Material provided
=== Begin Enclosure ===
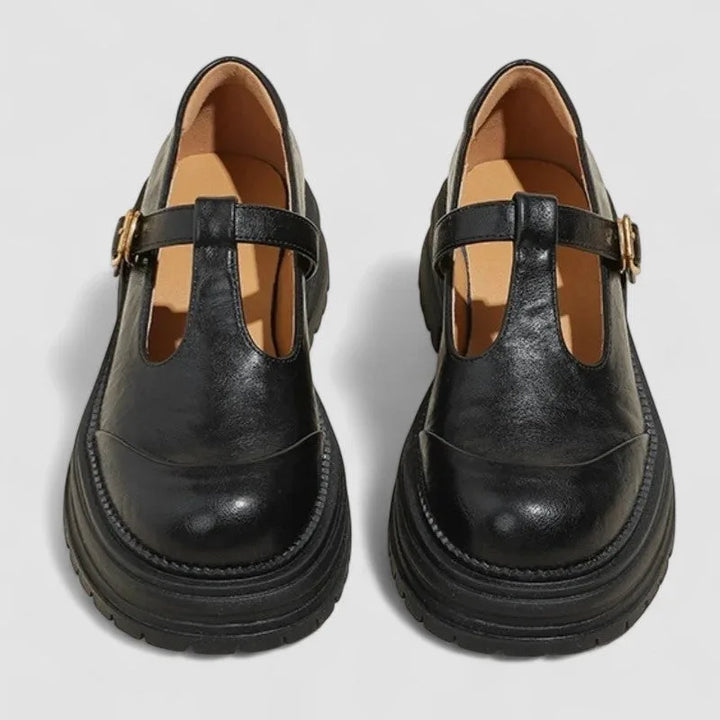 Black platform T-bar Mary Jane shoe, side profile highlighting heel height and strap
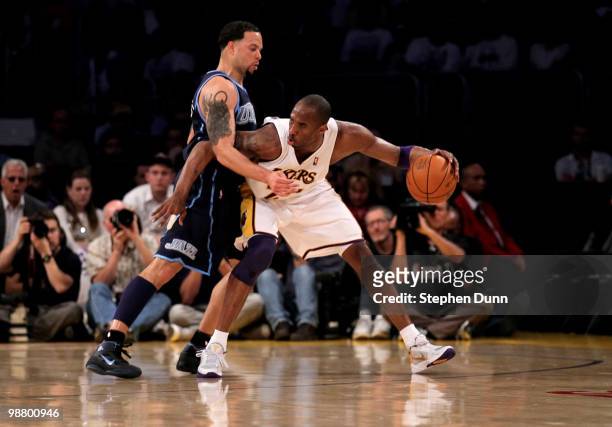 Kobe Bryant of the Los Angeles Lakers controls the ball against Deron Williams of the Utah Jazz during Game One of the Western Conference Semifinals...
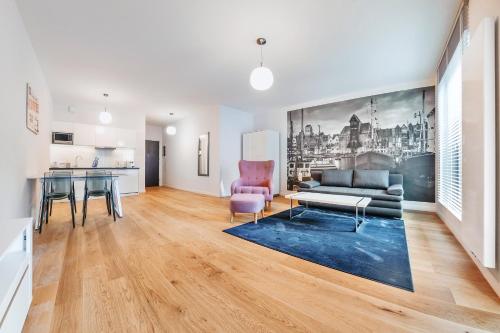 a living room with a couch and a table at VIU Apartament z tarasem w sercu Gdańska in Gdańsk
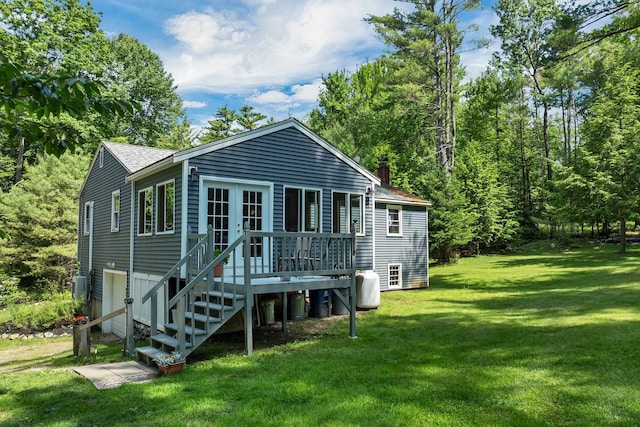 73 Tall Pine Rd, Farmington, NH 03835 - rear view of property with a chimney, roof with shingles, a lawn, and a deck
=== End Enclosure ===
Your objective
Retype the listing exactly. Skip every picture.

Solution to the problem
 Black platform T-bar Mary Jane shoe, side profile highlighting heel height and strap
 Kobe Bryant of the Los Angeles Lakers controls the ball against Deron Williams of the Utah Jazz during Game One of the Western Conference Semifinals...
 a living room with a couch and a table at VIU Apartament z tarasem w sercu Gdańska in Gdańsk
 73 Tall Pine Rd, Farmington, NH 03835 - rear view of property with a chimney, roof with shingles, a lawn, and a deck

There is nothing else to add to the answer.